When I was walking around yesterday, it was clear that the Grebes were feeding in this part of the lake and I felt it would be a good starting point.
I flicked the Deeper out to try and locate the baitfish and they were pretty abundant. They were in a couple of cast-able spots, however, the trees were overhanging the swims, so this made a couple of them unfishable. I found a suitable one to fish and would give it a couple of hours then move on.
With no action, I moved on to my second area. I’ve decided that I will try and cover another area before going, then return tomorrow and fish the other end of the lake. I’m able to use live bait, so if I can get myself sorted, I will come kitted out to catch some tomorrow. Oddly, I feel the best area for that is where I started this morning as there was a lot of fry in the margins. I was surprised by the lack of action, but these things happen and that’s the joy of fishing.
After walking right down to the far end and not finding very much to shout about, I find myself back in the first swim I started in! There was way more baitfish out here and I will spend the next 2 hours here in the hope of a pickup.
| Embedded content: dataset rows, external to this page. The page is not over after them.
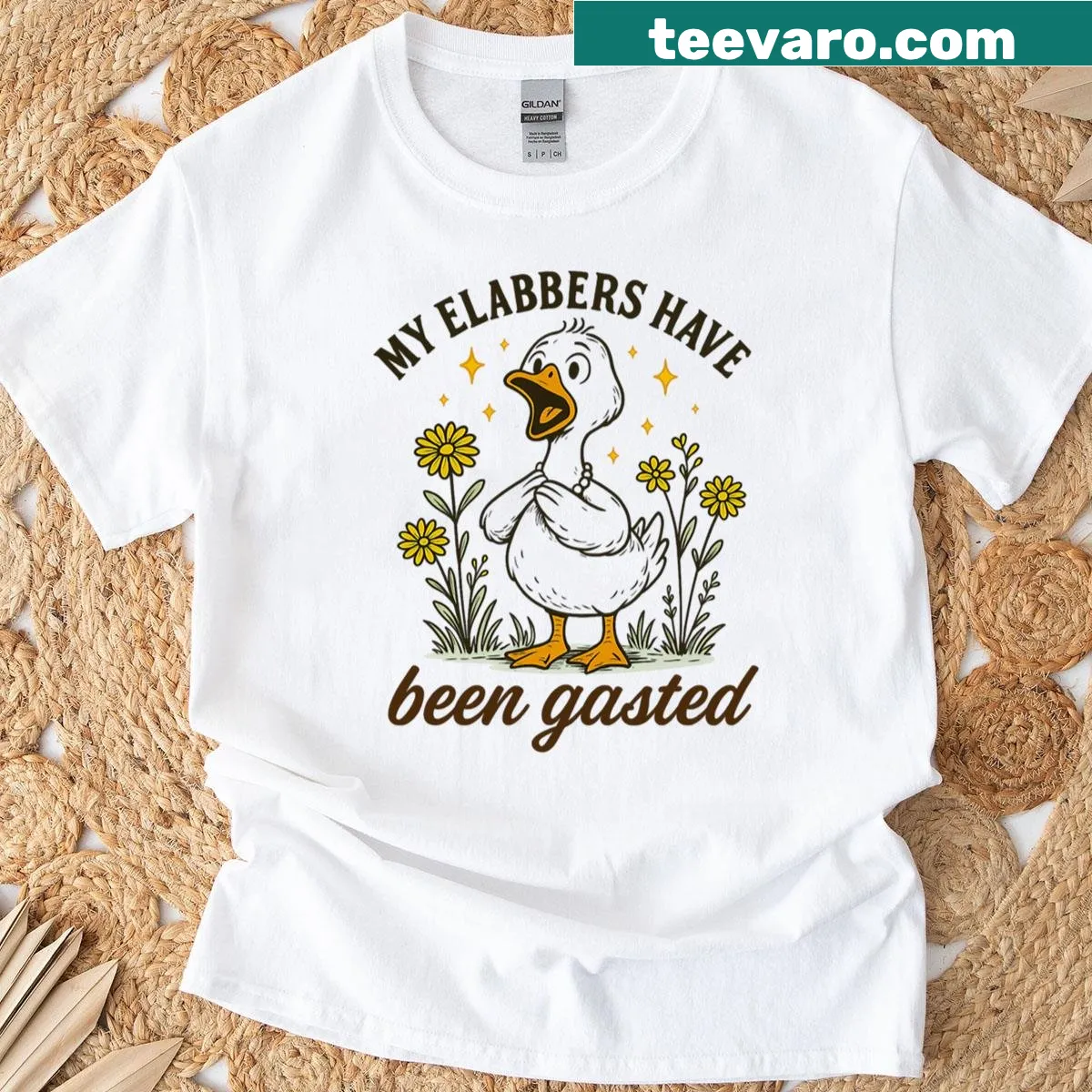 Funny T-shirt with humorous duck quote design in playful typography — on a men's t-shirt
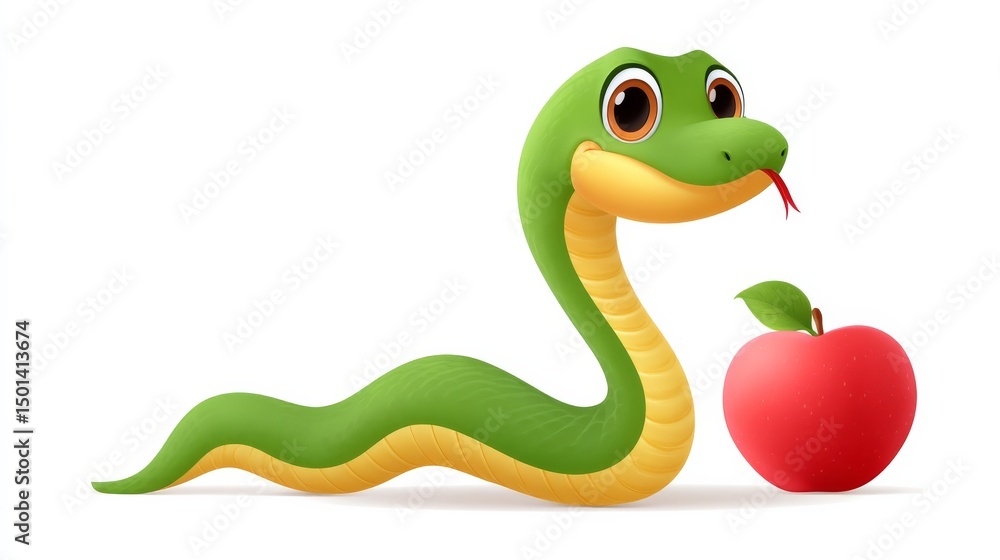 Fototapeta premium Cheerful Cartoon Snake Posing With A Bright Red Apple In A Whimsical Style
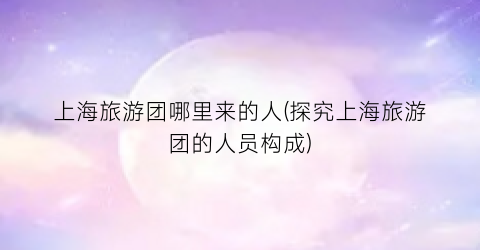 上海旅游团哪里来的人(探究上海旅游团的人员构成)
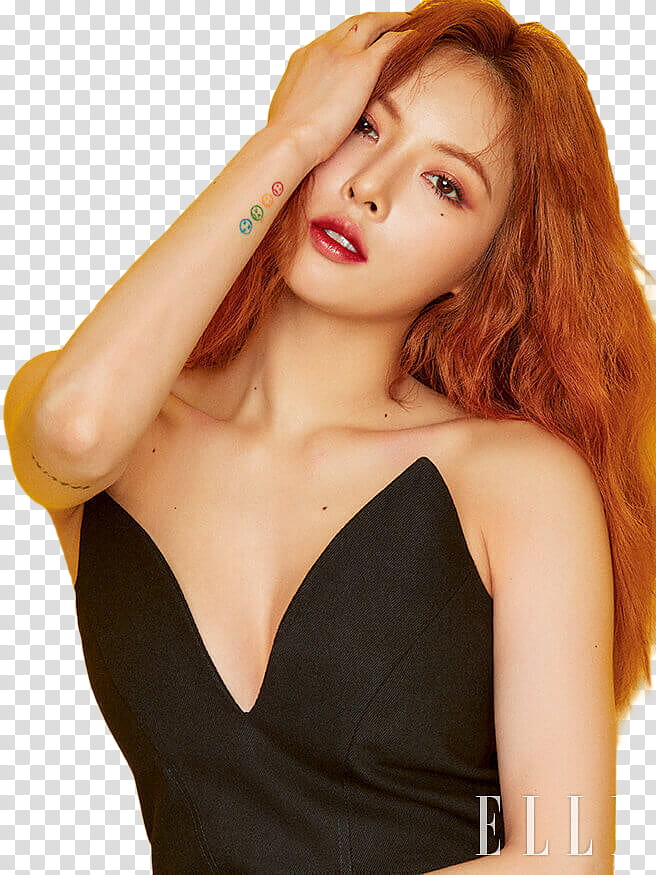 HyunA Elle Korea Magazine , woman wearing strapless deep V-neck sleeveless top transparent background PNG clipart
With not a knock or bleep its time to head home.
Location – Waterworks Lake
Hours Fished – 5rs
I’m back out after the Pike again and hopefully, I will be out for a couple of trips next week. The conditions are a bit better – other than the wind. I’ve been trying to catch some live bait, but with the restricted casting from the tree in my swim, it’s been problematic.
I’ve come to the same area and put the Deeper out for good measure. Yep, the baitfish are still about and hopefully with some Pike mixed in. I’m sure it’s not going to be that simple unless I catch the live bait, the Pike are less likely to pick up a dead bait when there is an abundance of fresh food.
I’ve moved along to the right, from yesterday’s swim, otherwise, the wind would be in my face and making casting harder. Plus I feel I’m in a better area and today I will be sitting this one out in the same spot.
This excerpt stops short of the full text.